David teams up with his father's Martian friend Rekari to go find the
body. Rekari tells him his father was adopted by the last of a dying
tribe, so that their memories could live on, and gives him a
traditional sunstone to wear. The traditional Martians don't like
that. Is David a true Martian or will he be unable to enter—or
exit—the Martian repository of tradition they find beneath his
father's body?
(These
are all rhetorical questions, okay, you're supposed to guess the right
and obvious answer.)
Joe
R Lansdale's King of the Cheap Romance
is possibly my favourite in
this book.

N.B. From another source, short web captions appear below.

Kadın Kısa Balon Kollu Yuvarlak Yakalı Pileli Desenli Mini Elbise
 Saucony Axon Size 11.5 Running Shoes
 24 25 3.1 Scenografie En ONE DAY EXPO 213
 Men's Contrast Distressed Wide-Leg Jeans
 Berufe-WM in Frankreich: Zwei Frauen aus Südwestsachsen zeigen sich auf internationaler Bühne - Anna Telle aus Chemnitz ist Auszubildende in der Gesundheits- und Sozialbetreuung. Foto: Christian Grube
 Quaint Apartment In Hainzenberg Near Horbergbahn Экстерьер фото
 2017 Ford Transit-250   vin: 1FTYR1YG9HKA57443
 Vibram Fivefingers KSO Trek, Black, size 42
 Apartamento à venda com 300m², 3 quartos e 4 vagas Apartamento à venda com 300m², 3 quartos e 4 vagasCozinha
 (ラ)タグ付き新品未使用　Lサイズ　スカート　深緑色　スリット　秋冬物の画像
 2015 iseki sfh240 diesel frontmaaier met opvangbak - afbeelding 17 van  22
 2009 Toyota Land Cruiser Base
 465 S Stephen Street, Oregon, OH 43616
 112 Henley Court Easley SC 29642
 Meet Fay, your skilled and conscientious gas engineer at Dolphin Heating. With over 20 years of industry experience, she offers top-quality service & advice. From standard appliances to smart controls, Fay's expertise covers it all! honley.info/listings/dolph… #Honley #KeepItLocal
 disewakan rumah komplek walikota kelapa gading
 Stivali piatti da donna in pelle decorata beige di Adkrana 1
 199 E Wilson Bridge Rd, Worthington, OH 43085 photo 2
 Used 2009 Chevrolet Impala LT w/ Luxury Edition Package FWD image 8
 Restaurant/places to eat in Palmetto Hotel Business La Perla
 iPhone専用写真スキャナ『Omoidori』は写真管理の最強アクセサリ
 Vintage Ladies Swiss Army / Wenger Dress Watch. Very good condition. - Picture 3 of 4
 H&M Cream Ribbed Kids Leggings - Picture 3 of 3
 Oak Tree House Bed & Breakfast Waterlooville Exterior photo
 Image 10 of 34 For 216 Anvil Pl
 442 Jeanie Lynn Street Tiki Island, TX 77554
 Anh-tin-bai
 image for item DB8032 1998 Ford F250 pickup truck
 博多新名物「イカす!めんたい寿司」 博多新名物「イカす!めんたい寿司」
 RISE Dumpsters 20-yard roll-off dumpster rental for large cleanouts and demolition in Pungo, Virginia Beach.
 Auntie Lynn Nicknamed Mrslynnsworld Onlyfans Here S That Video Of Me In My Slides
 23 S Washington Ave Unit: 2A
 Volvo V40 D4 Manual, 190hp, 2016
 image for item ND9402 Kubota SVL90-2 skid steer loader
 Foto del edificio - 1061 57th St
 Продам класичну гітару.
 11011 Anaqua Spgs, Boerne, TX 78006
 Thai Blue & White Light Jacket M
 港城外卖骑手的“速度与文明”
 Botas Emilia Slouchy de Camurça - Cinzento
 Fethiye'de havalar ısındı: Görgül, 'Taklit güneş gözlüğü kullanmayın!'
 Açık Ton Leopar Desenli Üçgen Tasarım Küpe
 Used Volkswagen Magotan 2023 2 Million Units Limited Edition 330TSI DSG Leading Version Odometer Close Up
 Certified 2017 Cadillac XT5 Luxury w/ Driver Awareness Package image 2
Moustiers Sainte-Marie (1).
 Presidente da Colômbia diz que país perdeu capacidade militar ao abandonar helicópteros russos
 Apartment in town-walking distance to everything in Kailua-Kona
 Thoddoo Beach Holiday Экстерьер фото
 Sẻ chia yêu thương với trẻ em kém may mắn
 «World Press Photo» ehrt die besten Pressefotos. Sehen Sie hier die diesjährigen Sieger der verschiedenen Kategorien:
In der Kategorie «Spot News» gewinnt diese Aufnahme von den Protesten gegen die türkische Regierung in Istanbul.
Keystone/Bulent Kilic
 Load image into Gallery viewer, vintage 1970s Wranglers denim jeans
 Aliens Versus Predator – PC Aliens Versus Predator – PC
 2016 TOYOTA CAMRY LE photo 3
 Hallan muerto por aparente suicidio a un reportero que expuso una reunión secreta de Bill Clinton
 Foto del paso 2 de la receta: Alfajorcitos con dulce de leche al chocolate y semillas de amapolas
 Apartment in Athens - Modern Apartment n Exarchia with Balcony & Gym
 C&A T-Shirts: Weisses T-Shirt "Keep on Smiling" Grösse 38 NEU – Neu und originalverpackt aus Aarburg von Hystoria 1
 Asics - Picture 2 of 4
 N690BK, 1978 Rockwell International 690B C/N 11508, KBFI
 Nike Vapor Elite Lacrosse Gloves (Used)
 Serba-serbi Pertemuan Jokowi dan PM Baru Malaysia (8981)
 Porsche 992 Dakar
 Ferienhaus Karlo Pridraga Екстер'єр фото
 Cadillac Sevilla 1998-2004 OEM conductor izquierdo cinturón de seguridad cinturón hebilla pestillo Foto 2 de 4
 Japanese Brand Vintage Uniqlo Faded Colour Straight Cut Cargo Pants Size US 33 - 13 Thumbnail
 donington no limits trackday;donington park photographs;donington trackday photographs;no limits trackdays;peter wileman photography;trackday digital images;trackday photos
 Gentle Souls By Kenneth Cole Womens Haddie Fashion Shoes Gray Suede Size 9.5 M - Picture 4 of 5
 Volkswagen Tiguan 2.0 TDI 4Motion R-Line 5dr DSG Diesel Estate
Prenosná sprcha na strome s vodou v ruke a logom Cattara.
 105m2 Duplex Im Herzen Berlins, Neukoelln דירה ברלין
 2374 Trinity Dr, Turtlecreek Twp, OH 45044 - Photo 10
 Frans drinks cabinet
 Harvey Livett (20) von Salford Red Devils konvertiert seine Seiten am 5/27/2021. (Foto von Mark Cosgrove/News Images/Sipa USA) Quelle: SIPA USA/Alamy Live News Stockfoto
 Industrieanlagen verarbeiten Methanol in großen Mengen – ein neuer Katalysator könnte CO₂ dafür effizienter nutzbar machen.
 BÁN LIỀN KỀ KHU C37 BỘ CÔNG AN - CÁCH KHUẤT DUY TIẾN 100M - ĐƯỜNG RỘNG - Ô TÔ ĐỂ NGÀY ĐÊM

It has spacecraft
(ok, aircraft, but Martian air is too thin to live in), a young
protagonist left to find a way to save herself and the next city all
alone. Angela King's Dad is killed in a crash while they are carrying
vaccine to the local town. The 'cheap romance' is what her father
calls adventure stories. She
loads up everything including the body, onto a solar sled with
limited battery power. She is chased by a persistent and deadly
Martian ice shark. Then a climbing berg climbs out of the ice. These
are rises of solid ice coming up from old old Mars. Full of living
organisms that need air once in a while. This one has an ancient
Martian ship embedded in it. Angela evades the ice shark and goes
inside the berg, where she sees ancient Martian wonders. With the
last of her consciousness, she does reach the city. With or without
the vaccine? With or without the fever herself?
Mariner
has an Earthman stranded on Mars. He gets there while attempting to
sail around the Earth. A type of Martian captures him, and
fortunately he is able to convince them he is air-breathing. Other
Martian species all war with each other. The only commonality is that
they all need respirators in air (to keep their gills moist). Jason
becomes a pirate, then a pirate captain. What happens when he rescues
a ship full of to-be-slaves, when he is already below quota on
plunder? Chris
Robertson writes a straightforward tale.
Ian
McDonald doesn't. The Queen of the Night's Aria
is the closest to a horror story in this book. Maestro Jack
Fitzgerald, the famous singer from Earth, is on a downward economic
spiral and refuses to accept it. He and his sidekick are reduced to
singing for the Earth troops on the frontline in Mars. Mars had
attacked, Earth had counterattacked. Earth has now occupied most of
Mars. There are all kinds of exotic aliens and alien cities. During
his performance at the Front, the Martians counter-attack. The Queen
of the Martians is a fan of the Count. Things go downhill from there.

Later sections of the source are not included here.